Q: How do I use the Inferentia chip in Inf1 instances?

You can start your workflow by building and training your model in one of the popular ML frameworks such as TensorFlow, PyTorch, or MXNet using GPU instances such as P4, P3, or P3dn. Once the model is trained to your required accuracy, you can use the ML framework’s API to invoke Neuron, a software development kit for Inferentia, to compile the model for execution on Inferentia chips, load it in to Inferentia’s memory, and then execute inference calls. In order to get started quickly, you can use AWS Deep Learning AMIs that come pre-installed with ML frameworks and the Neuron SDK. For a fully managed experience you will be able to use Amazon SageMaker, which will enable you to seamlessly deploy your trained models on Inf1 instances.

Q: When would I use Inf1 vs. C6i or C5 vs. G4 instances for inference?

Customers running machine learning models that are sensitive to inference latency and throughput can use Inf1 instances for high-performance cost-effective inference. For those ML models that are less sensitive to inference latency and throughput, customers can use EC2 C6i or C5 instances and utilize the AVX-512/VNNI instruction set.
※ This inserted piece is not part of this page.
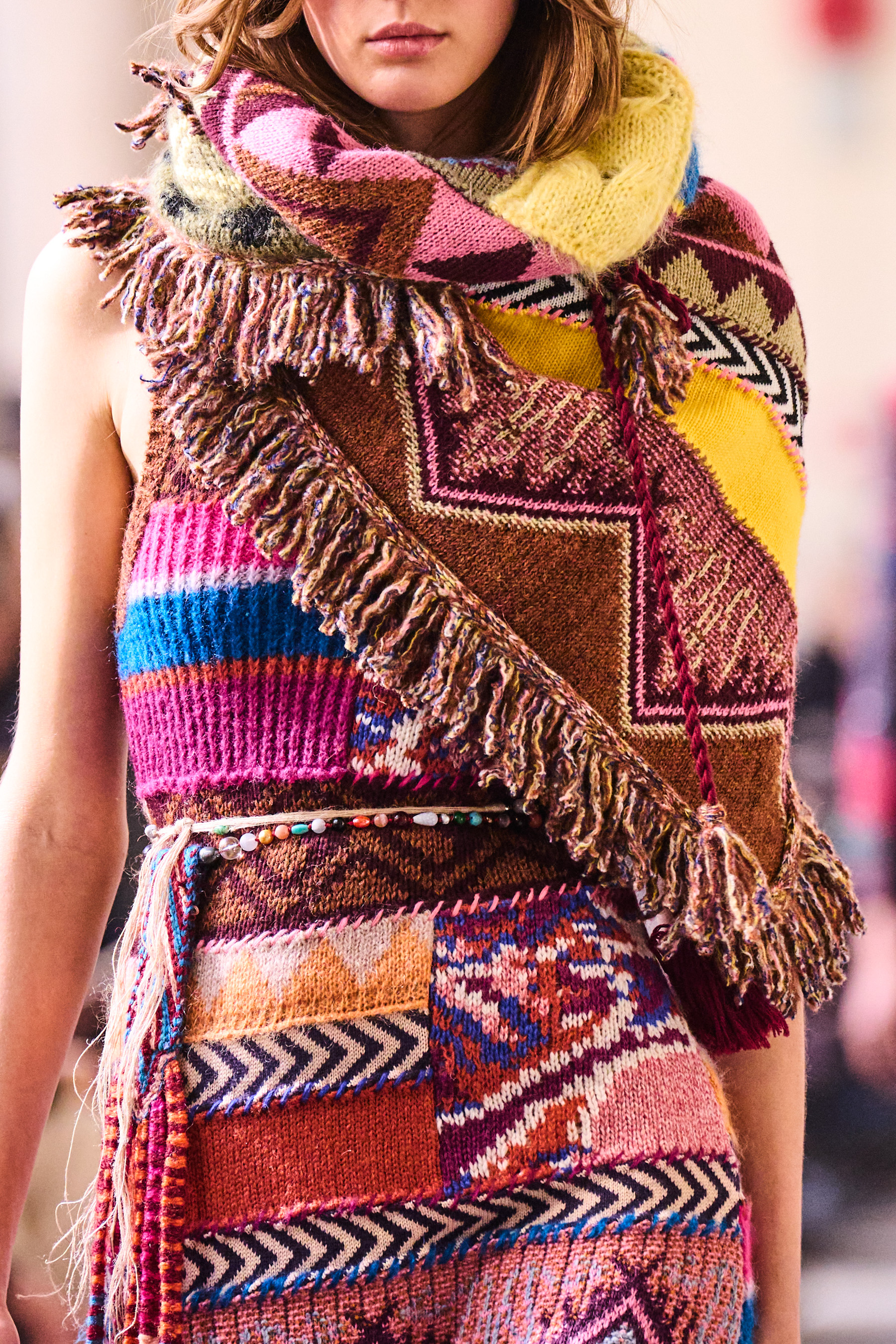 Etro Fall 2022 Fashion Show Details Fashion Show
For ML models that require access to NVIDIA’s CUDA, CuDNN or TensorRT libraries, we recommend using G4 instances.

Q: When should I choose Elastic Inference (EI) for inference vs Amazon EC2 Inf1 instances?
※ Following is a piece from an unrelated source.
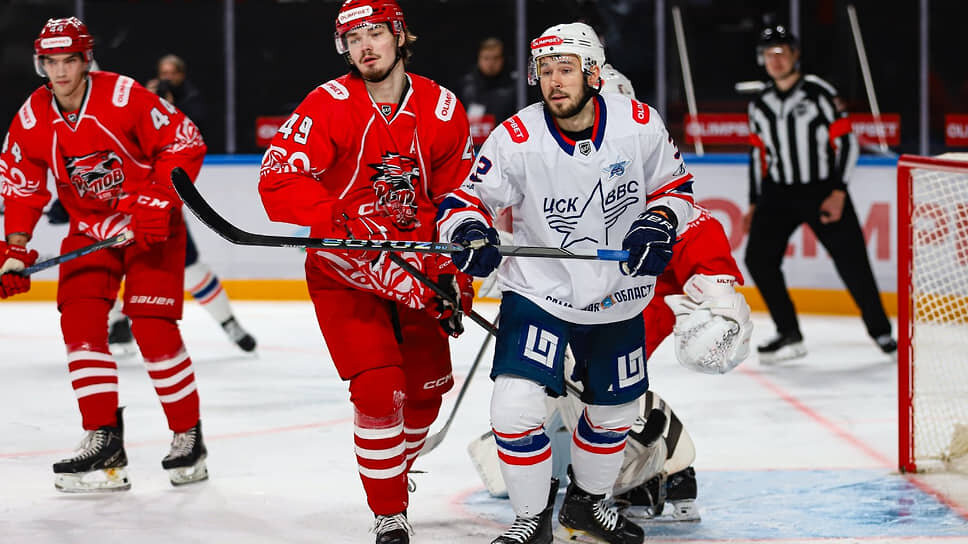 Фото: пресс-служба ХК «Ростов»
There are two cases where developers would choose EI over Inf1 instances: (1) if you need different CPU and memory sizes than what Inf1 offers, then you can use EI to attach acceleration to the EC2 instance with the right mix of CPU and memory for your application (2) if your performance requirements are significantly lower than what the smallest Inf1 instance provides, then using EI could be a more cost effective choice. For example, if you only need 5 TOPS, enough for processing up to 6 concurrent video streams, then using the smallest slice of EI with a C5.large instance could be up to 50% cheaper than using the smallest size of an Inf1 instance.

Q: What ML models types and operators are supported by EC2 Inf1 instances using the Inferentia chip?
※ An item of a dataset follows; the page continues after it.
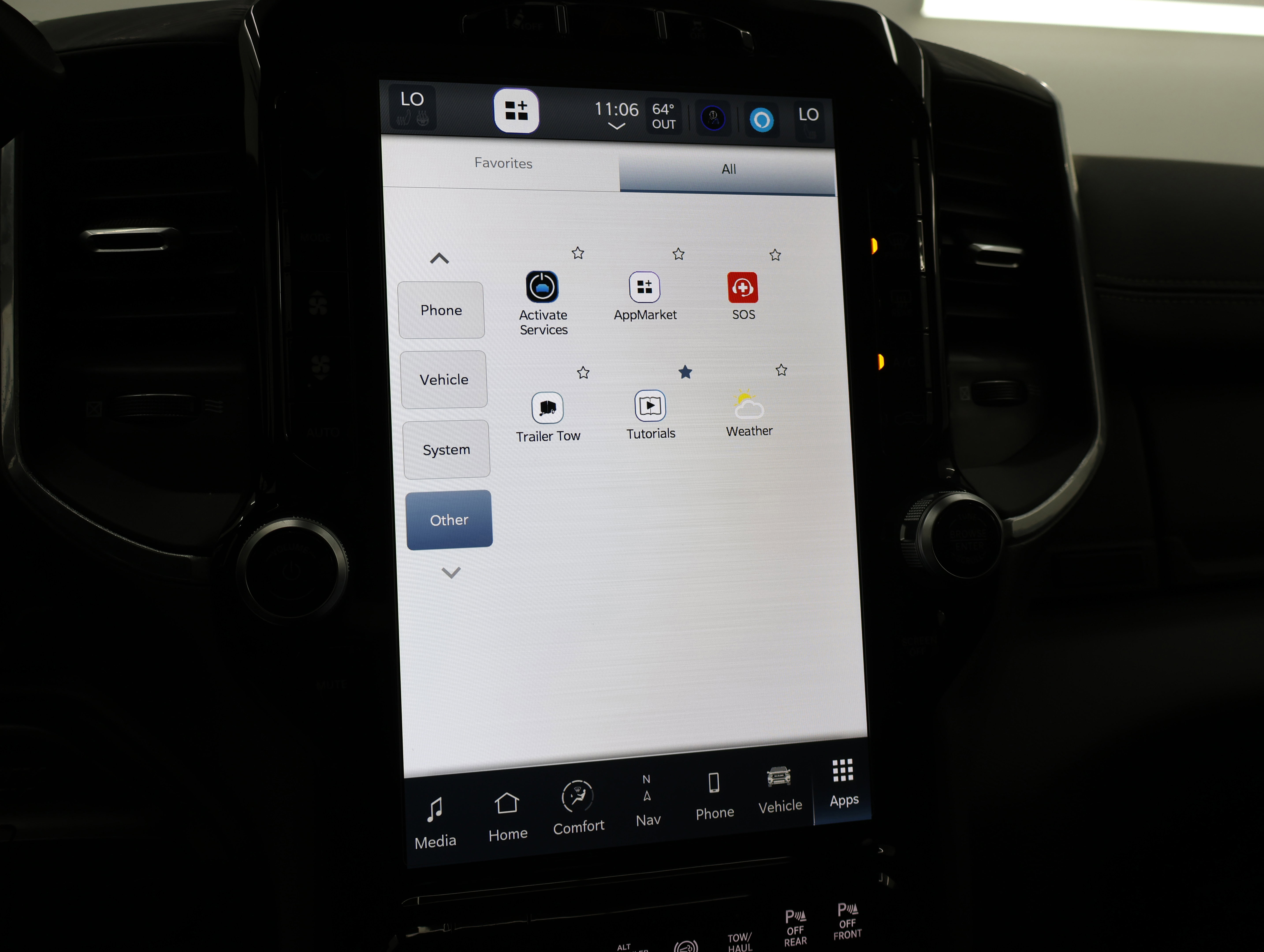 Used 2024 RAM 2500 Laramie w/ Night Edition image 73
Inferentia chips support the commonly used machine learning models such as single shot detector (SSD) and ResNet for image recognition/classification and Transformer and BERT for natural language processing and translation and many others. A list of supported operators can be found on GitHub.

Q: How do I take advantage of AWS Inferentia’s NeuronCore Pipeline capability to lower latency?

Inf1 instances with multiple Inferentia chips, such as Inf1.6xlarge or Inf1.24xlarge, support a fast chip-to-chip interconnect. Using the Neuron Processing Pipeline capability, you can split your model and load it to local cache memory across multiple chips. The Neuron compiler uses ahead-of-time (AOT) compilation technique to analyze the input model and compile it to fit across the on-chip memory of single or multiple Inferentia chips. Doing so enables the Neuron Cores to have high-speed access to models and not require access to off-chip memory, keeping latency bounded while increasing the overall inference throughput.

Q: What is the difference between AWS Neuron and Amazon SageMaker Neo?

AWS Neuron is a specialized SDK for AWS Inferentia chips that optimizes the machine learning inference performance of Inferentia chips. It consists of a compiler, run-time, and profiling tools for AWS Inferentia and is required to run inference workloads on EC2 Inf1 instances. On the other hand, Amazon SageMaker Neo is a hardware agnostic service that consists of a compiler and run-time that enables developers to train machine learning models once, and run them on many different hardware platforms.